Cops e-mail each other advice. I suppose every profession does, but I don't get professional advice from anyone else.
We e-mail advice on SOPs, warnings and alternative tactics. The biggest thing I see coming through my Inbox each day, though, is safety advice for non-cops.
This is, I suppose, logical -- Goddess only knows how many of the General Public have walked up to me and asked my advice for keeping safe, so I would imagine the same thing has happened to every other officer out there.
Some of the advice, though, is definitely regional.
Case in point: the latest Advice For The General Public.
If you have a car alarm, get a spare alarm fob and leave it next to the bed.
If someone attempts to break into your house, punch the panic button on the fob. A car alarm going off in the neighborhood tends to grab people's attention.
Especially grouchy people who are trying to sleep at three in the morning, but maybe that's the point.
Anyhoo, the premise is that your basic critter hates anything which will draw attention to him or his activities, and if the car in the driveway of the home he is breaking into is honking the horn, flashing the lights and yodelling up-and-down the alarm scale, he's probably going to go look for a softer target.
I can see the logic behind this.
How-some-ever, I feel that if a car alarm going off in the driveway is attention-getting, the shotgun blast that punts the critter into his next incarnation is even more attention-getting -- with the added feature of removing that particular critter from the predator pool of your area.
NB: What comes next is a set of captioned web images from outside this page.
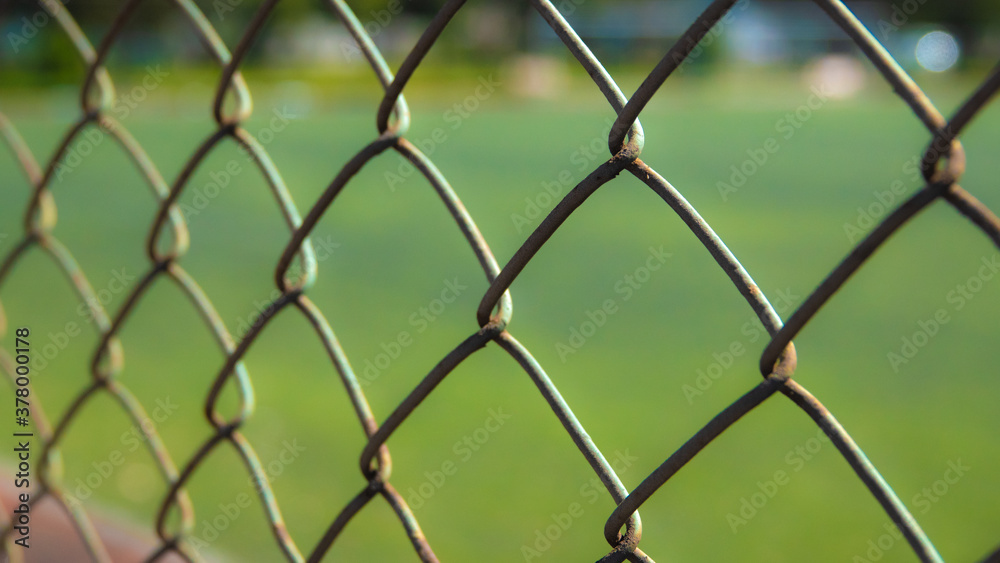 Astroturf corner surrounded by iron wires Astroturf corner surrounded by iron wires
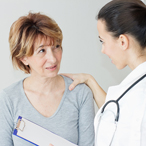 Woman talking with a healthcare provider.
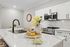 Elegant modern kitchen with sleek white cabinetry, marble countertops, and a stylish island adorned with fresh flowers and glassware.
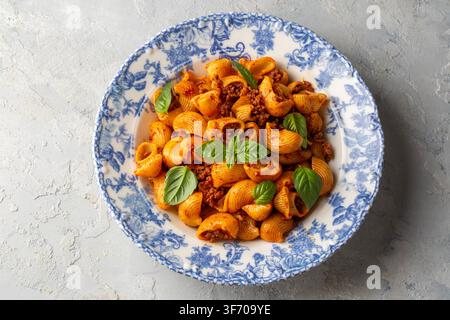 Blick von oben auf Conchiglie Shell Pasta mit Bolognese Fleischsauce und frischem Basilikum - Pipe Rigate (Manti makarna) Stockfoto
It's not a bad idea, and can be a wonderful addition to a layered defence -- punch car alarm button, call 911, gather all family in master bedroom, point shotgun at door -- but unless I was living in one of those socialist dystopias popping up on the coasts like mushrooms in a midden I wouldn't rely solely upon it for protection.
There are others who may feel differently -- particularly those who (for whatever reason) don't feel comfortable around guns, or don't feel comfortable with the idea of High Velocity Critter Control as a Social Service.
In those cases, you might want to take a look at this use of the car alarm.